Don Ritchie was named Australian
Local hero at last year's
Australian of the Year Awards
Fr Paul is not yet sure how a co-ordinated program can be set up so there is always someone keeping an eye out at the Gap to help those in despair who see the notorious South Head escarpment and the rocks below as a way out from their pain and their misery. But he is making inquiries and has already had preliminary discussions with Don Ritchie's family, Watson's Bay locals, the police, suicide prevention organisations and other interested parties.
Although Fr Paul is with the Archdiocese of Melbourne, he is temporarily in Sydney to help out at St Mary's Cathedral and the surrounding parish.
"I had never been to the Gap when I arrived here just over three weeks ago, but I learned about Don Ritchie through a family whose teenage daughter recently attempted suicide.
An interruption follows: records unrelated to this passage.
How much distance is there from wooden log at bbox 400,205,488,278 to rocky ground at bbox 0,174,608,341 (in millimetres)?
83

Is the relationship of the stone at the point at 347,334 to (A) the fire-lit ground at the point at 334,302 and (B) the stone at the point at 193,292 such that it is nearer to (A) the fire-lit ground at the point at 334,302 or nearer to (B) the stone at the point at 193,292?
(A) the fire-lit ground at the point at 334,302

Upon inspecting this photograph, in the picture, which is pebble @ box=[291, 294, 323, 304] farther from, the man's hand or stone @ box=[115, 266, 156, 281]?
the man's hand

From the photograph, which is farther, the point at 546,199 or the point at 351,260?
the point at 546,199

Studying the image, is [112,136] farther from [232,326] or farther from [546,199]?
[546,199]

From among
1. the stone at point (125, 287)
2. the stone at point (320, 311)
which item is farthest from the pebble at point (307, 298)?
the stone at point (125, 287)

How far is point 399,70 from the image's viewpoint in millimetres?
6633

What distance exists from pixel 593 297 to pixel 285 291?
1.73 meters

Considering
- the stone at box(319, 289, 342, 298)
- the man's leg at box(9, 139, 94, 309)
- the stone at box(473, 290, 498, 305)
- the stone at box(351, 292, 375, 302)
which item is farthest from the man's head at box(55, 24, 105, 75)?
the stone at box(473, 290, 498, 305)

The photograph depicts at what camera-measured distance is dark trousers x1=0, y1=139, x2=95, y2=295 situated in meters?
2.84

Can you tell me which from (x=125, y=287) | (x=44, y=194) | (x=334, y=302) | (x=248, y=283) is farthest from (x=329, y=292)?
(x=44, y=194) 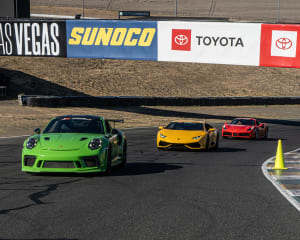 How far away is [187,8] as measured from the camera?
79562mm

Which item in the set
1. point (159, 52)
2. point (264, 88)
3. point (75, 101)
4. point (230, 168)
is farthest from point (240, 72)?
point (230, 168)

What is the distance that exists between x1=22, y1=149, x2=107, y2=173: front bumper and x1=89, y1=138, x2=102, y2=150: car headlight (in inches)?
5.5

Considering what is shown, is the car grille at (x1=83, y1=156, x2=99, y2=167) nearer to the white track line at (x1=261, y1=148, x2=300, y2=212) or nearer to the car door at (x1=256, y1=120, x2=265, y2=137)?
the white track line at (x1=261, y1=148, x2=300, y2=212)

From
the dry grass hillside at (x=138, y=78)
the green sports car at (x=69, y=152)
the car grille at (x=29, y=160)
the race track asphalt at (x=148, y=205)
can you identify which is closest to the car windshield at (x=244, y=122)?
the race track asphalt at (x=148, y=205)

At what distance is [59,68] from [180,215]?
57.6 meters

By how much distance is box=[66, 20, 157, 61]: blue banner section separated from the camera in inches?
1189

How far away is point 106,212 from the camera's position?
8.23m

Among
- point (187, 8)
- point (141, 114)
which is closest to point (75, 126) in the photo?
point (141, 114)

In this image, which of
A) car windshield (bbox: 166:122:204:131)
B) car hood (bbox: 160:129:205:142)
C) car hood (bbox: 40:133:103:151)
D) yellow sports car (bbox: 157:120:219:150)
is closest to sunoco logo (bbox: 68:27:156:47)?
car windshield (bbox: 166:122:204:131)

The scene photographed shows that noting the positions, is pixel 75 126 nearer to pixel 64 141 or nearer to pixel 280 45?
pixel 64 141

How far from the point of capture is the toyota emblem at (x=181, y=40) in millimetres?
29406

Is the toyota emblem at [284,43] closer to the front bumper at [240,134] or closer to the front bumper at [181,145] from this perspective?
the front bumper at [240,134]

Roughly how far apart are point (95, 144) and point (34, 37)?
20.8 metres

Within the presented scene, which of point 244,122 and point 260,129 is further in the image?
point 244,122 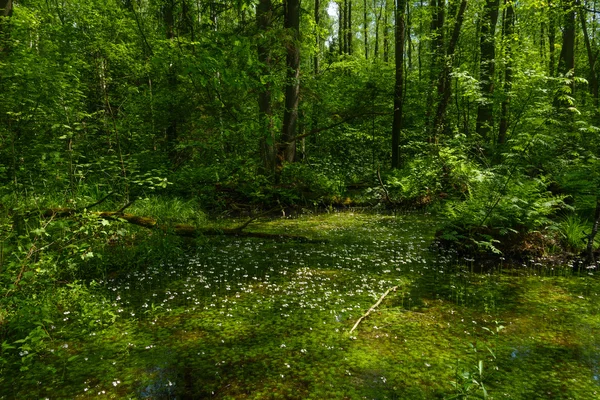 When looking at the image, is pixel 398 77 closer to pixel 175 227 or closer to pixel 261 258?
pixel 261 258

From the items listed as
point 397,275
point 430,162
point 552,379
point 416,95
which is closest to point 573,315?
point 552,379

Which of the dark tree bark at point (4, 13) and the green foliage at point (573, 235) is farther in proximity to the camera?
the dark tree bark at point (4, 13)

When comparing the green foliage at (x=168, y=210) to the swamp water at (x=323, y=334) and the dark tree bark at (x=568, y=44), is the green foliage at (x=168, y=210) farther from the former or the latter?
the dark tree bark at (x=568, y=44)

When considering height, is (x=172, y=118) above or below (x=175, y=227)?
above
She is being treated at St Vincent's Hospital and when I offered her and her family pastoral care and support, I became thrust into the world of the Gap," he says. Inspired by the stories he kept hearing about Don Ritchie, he made a point of driving to Watson's Bay hoping to meet him.
"I went to his house which overlooks Gap Park to introduce myself just a couple of days before he died. By then he was in hospital but I met with Moya, his wife who recounted how she and Don were married at St Mary's Cathedral just over 60 years ago and how they had celebrated this milestone anniversary just six months before."
When Don Ritchie died less than a week later, Fr Paul travelled to Watson's Bay to offer his respects to Moya and the couple's three daughters, Jan, Donna and Sue who were delighted at his visit and shared many stories of Don's selfless compassion and his belief in helping others.

Fences and signs help but what is needed
most is a human presence says
Fr Paul Newton
"Don was Anglican and Moya is Catholic and she was certainly part of the picture as well and when Don brought those who needed help away from the fence at the Gap and into their home, she was the one who quietly made them cups of tea, cooked them breakfast and made them feel welcome," he says.
For sixty years Sydneysiders knew the "Angel of the Gap" however when he passed away his story was recounted in newspapers around the world. Don's funeral was held last Friday at the HMAS Watson Naval Chapel, near to the home he shared with Moya for 48 years.
"Don was originally in the Navy and the small chapel was filled to overflowing. It was standing room only and I am sure among the many of those present were many of the people he helped save," says Fr Paul who describes Don as his "role model."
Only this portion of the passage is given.